The sequel to SAP Nation came out in book stores a week ago (print at CreateSpace and ebook atAmazon). As with previous books, I will be excerpting 10% of the contents over the next few weeks. Here is some from Chapter 5:
“In the Pulitzer-prize-winning The Soul of a New Machine, Tracy Kidder wrote of an ad that Data General produced but never ran. It read:
"They Say IBM's Entry Into Minicomputers Will Legitimize The Market. The Bastards Say, Welcome"
Jason Blessing, the CEO of Plex, a cloud manufacturing vendor (and before that an executive at Taleo, a cloud HCM vendor), similarly told me:
"Strange as it may sound, I am pleased to see S/4. First, SAP's cloud delivery promise and those of other major vendors like Oracle validates cloud computing, and what we have been doing at Plex for years now. Second, any time a company announces a next-gen product it puts their incumbent customer base in play. Customers know they have to re-platform and therefore re-implement their old SAP applications. Any effort like that becomes an opportunity for Plex to show what we can do for customers in the cloud.

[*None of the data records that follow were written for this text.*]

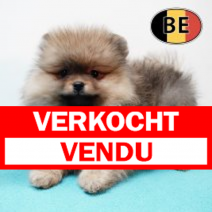 Dwergkees 151025 M (BE6163) 300126.verkocht-vendu.png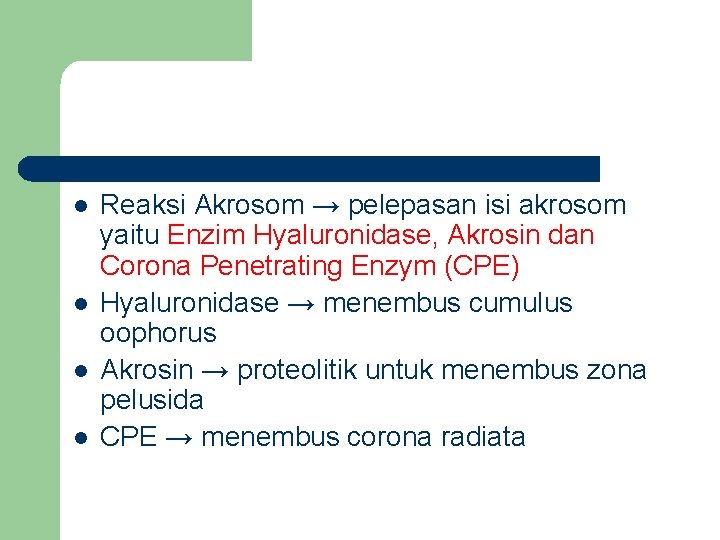 l l Reaksi Akrosom → pelepasan isi akrosom yaitu Enzim Hyaluronidase, Akrosin dan Corona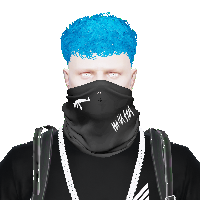 307300767c29.png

SAP may say S/4 is coming soon, but as we know, enterprise apps are complex. Look at Workday and Oracle Fusion - it's taken them a while to mature their cloud offerings. Additionally, SAP will need to adjust to our changed industry with the pay-as-you-go business model and more modular application sales. Our customers are poster children for those trends in the industry. They often start with a single plant and expand from there. Our private equity, cloud savvy investors embraced the subscription model a long time ago. Our partners think small and sell based on their operational knowledge not their big brands.
Being the last major software vendor to re-platform for the cloud, SAP does have the advantage of learning from the mistakes of others. On the other hand, being late puts more pressure on them, and likely they will only cosmetically refresh what they have today."
Kustoff, (the CIO) introduced in the previous chapter, agrees:
"This is the third major architectural shift I have seen in my IT career. Just like SAP capitalized on the move to client/server computing in the last wave, other vendors without a legacy and client base to support will pour in to take advantage of this shift."